*THE DATA:*
━━━━━━━━━━━━━━━━━━━━━━━━━━━━━━
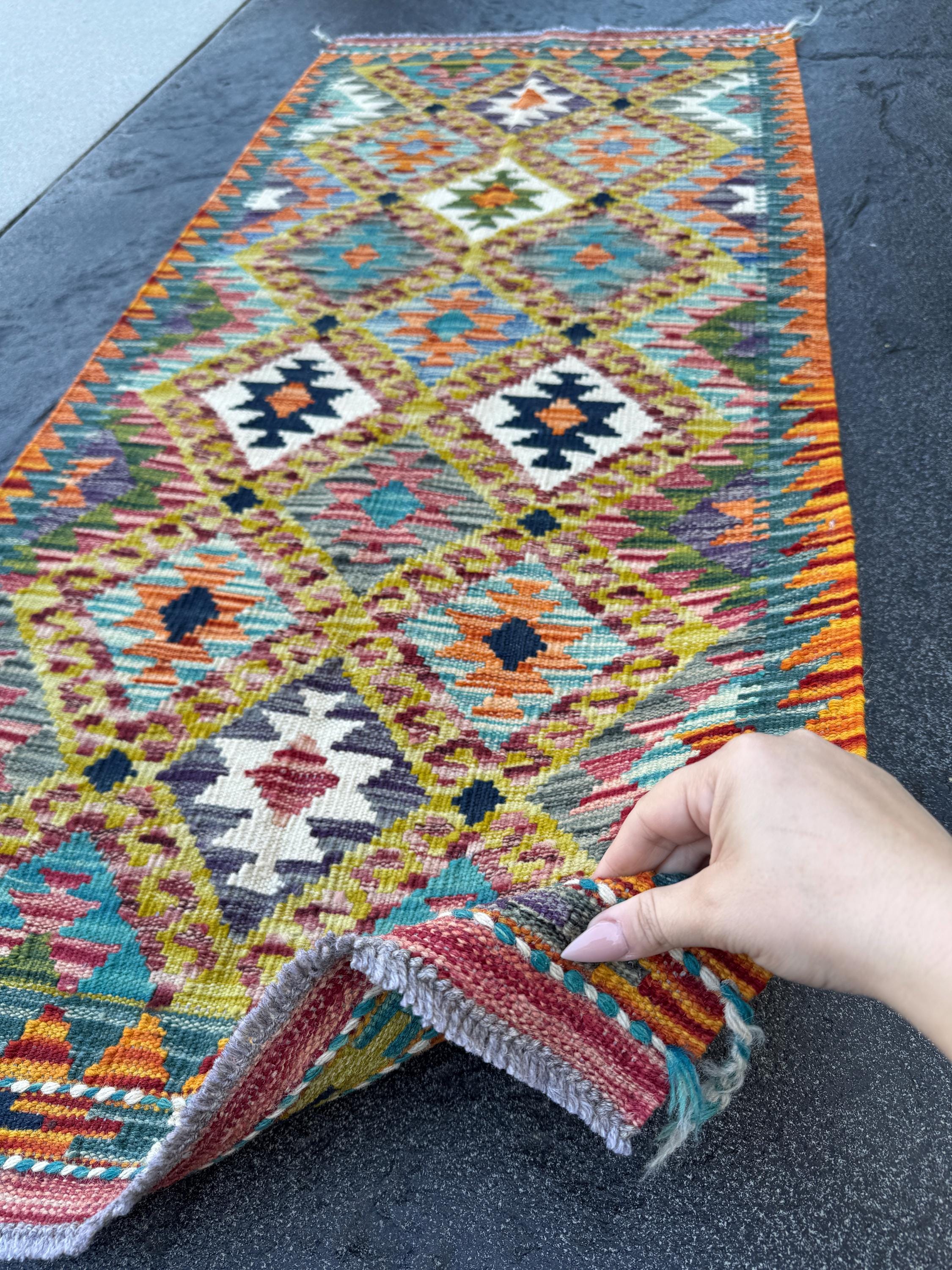 2x5 Handmade Afghan Kilim Runner Rug | Cream Tan Brown Grey Crimson Burgundy Red Aqua Teal Denim Blue Forest Olive Green | Wool Flatwoven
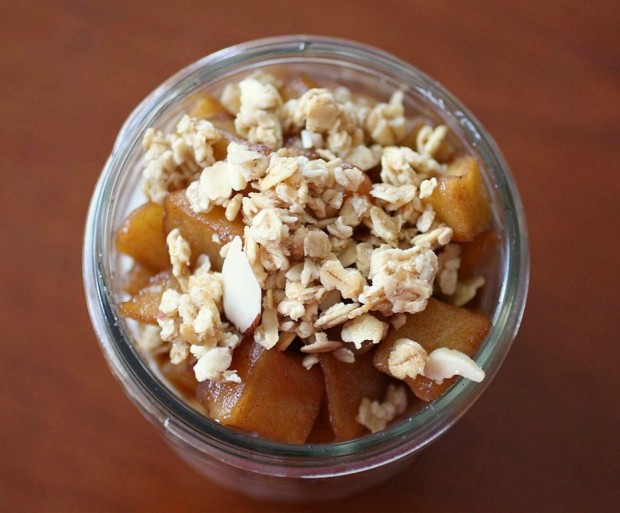 This apple maple parfait is packed full of vanilla, apple and maple flavor. Sweet layers of yogurt, granola and maple cinnamon apples are the perfect breakfast.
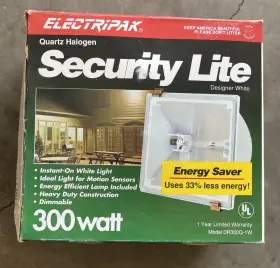 Dr300-1w Electipak 075114244244 New White Electripak Security Light 300w Compact Quartz Halogen Model Dr300-1w Electipak 075114244244 New White Electripak Security Light 300w Compact Quartz Halogen Model
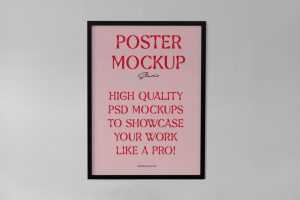 Free Hanging Poster Above The Desk Mockup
━━━━━━━━━━━━━━━━━━━━━━━━━━━━━━
*HOW TO COMPLETE THIS TASK:*
Restate, line by line and word for word, everything from the top of the material through the line that contains "This apple maple". Leave pictures out.

*FINISHED EXERCISE:*
 2x5 Handmade Afghan Kilim Runner Rug | Cream Tan Brown Grey Crimson Burgundy Red Aqua Teal Denim Blue Forest Olive Green | Wool Flatwoven
 This apple maple parfait is packed full of vanilla, apple and maple flavor. Sweet layers of yogurt, granola and maple cinnamon apples are the perfect breakfast.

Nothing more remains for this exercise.